That’s all we’ve come up with for now…We are trying to stick to shelf stable products that fall within the Missouri cottage food law, That means we won’t be offering any canned pickles, hot sauce, or salsas anytime soon, nor do we want to produce those items at the scale necessary to make it worthwhile for us. That would take us away from the garden, and force us to rent a commercial kitchen in the height of the growing season. We will eventually become certified to produce acidified and low acid food. Our endgame is to produce a range of fermented and canned products, but this year we are sticking to Dry or Fermented foods, and Jellies.

Food preservation via fermentation is one area we might have an advantage. We have the facilities, tools, and ability to ensure clean fermentation, and to test for pH (has to be lower than 4.6 to prevent botulism). That is if we were allowed to produce it in our own facilities and market it. This is one area where the F.D.A has authority, and we just have to get the process approved. Until then, certain markets will allow us to sell our fermented foods, along the same lines just with less red tape. We may eventually have to seek F.D.A. process approval and Mo.D.H.H.S. approval/inspection for our facility. That is once we have more product than we can sell at the market. So, we will bring sauerkraut, kimchi, naturally brined pickles and fermented hot sauce to market to test the waters.

Regardless, half of the fun of shopping at the farmer’s market is seeing the abundance of tomatoes, peppers, cucumbers, etc., and getting inspired to make your own pickles and salsa from fresh ingredients. There may be a niche in do-it-yourself food preservation. Where it gets tricky is figuring out the ratios of spices, salt, vinegar, and water. Online recipes are rarely perfect spice wise. Furthermore, those seasoning packets in the canning section of the grocery or farm store are missing a certain je nes sais quoi that really makes canning at home worth the effort. Salsa mix and pasta sauce mix come in the the freeze dried instant form mainly to absorb excess water and speed up the process, thus they assume a lower quality and flavor than cooking fresh tomatoes down slowly. A problem which can be solved with fresher seasonings and more flavorful salts. I believe that our customers would appreciate if we took the work out of it by formulating the dry seasonings. Perhaps even put together do-it-yourself kits. Down the road we will work out several pickle seasonings designed to make about a half-gallon of brine or so. Also, Salad dressing seasoning in a salad mixing bottle (kind with the measurements for: W, V, and O).

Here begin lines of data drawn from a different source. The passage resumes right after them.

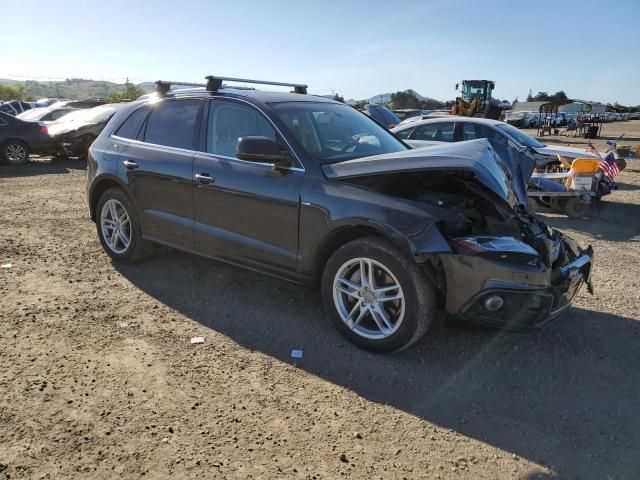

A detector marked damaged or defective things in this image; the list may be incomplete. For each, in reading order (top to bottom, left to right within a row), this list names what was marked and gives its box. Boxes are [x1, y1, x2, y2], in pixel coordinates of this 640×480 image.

damaged black suv [86, 75, 596, 352]
wrecked vehicle [86, 75, 596, 352]
crushed bumper [440, 240, 596, 330]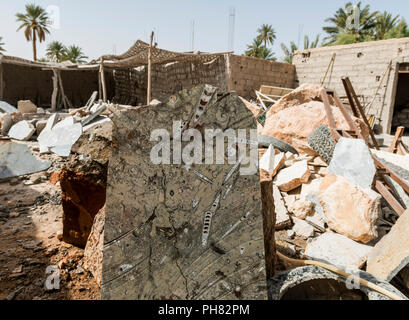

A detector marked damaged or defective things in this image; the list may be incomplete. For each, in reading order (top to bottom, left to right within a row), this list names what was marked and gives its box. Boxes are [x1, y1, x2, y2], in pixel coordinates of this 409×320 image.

broken marble piece [7, 119, 35, 141]
broken marble piece [0, 142, 51, 180]
broken marble piece [102, 85, 268, 300]
broken marble piece [274, 160, 310, 192]
broken marble piece [318, 175, 380, 242]
broken marble piece [326, 138, 374, 190]
broken marble piece [302, 232, 372, 270]
broken marble piece [364, 210, 408, 282]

We have both an edge in the growing of the produce/herbs, and formulations of the recipes over our customers. Mainly because Market Gardening is how we make a living. We have the time space and ability to grow more raw produce and seasonings and more efficiently. That is the goal of all of our effort…to add value by providing a service/role that we do best, which affords us lower opportunity cost. In a sense, the consumer plays a role in adding value to our products in that they observe and decide for themselves whether it is more worth it as a hobby for them than the value we add as a convenience. Some customers actually have a lower opportunity cost in processing because they are saving money by making it them selves in their free time; we would just be wasting valuable time trying to make a profit with inefficient means and subsequently lose to overhead. In which case our products would be too expensive and would actually extract value from the market by taking it from the consumer above willingness to pay and not being sold.

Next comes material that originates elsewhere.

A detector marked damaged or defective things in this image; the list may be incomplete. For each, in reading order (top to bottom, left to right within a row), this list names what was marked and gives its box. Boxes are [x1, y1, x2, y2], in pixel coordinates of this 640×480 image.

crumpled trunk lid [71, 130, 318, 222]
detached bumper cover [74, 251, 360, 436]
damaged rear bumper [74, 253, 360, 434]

At some markets, there are competing vendors who source from global and regional produce auctions are at a clear comparative advantage…they can buy more produce way cheaper, and sell it all cheaper (Due to folks who shop price and aren’t that picky). We aren’t really in competition with those vendors, because our customers want something different. We have to grow novel, obscure, or trendy varieties to compete. We straddle the line line between our niche and mainstream expectations. We are doing so with a premium substitute that is more valuable dollar wise and yields higher returns per item sold. Because producing canned foods commercially requires lower input costs and greater scale for it to make sense to produce the item from higher quality produce. It would be highly inefficient for us to then organize, transport, hire labor, pay for facilities, and then waste the fossil fuel energy it takes to make, distribute, and market an acidified or otherwise finished product when we are already marketing higher quality and fresher produce than what they use to make commercial (even small scale) acidified foods. Especially if that finished product is something that would turn out better and would better suit the customer’s preference to make it themselves. I would like to think that our clientele appreciates the tangible and intangible value to their lives that the farmer’s market culture creates, over the convenience of picking a ready made item off the shelf.

Our vision for the farm and its role in the community is taking shape, but we just have to work out the details of our business model. Moreover, we have to both develop our specialty products and adapt to a rapidly evolving farmer’s market and local food scene.

That’s all for today…Thanks for reading!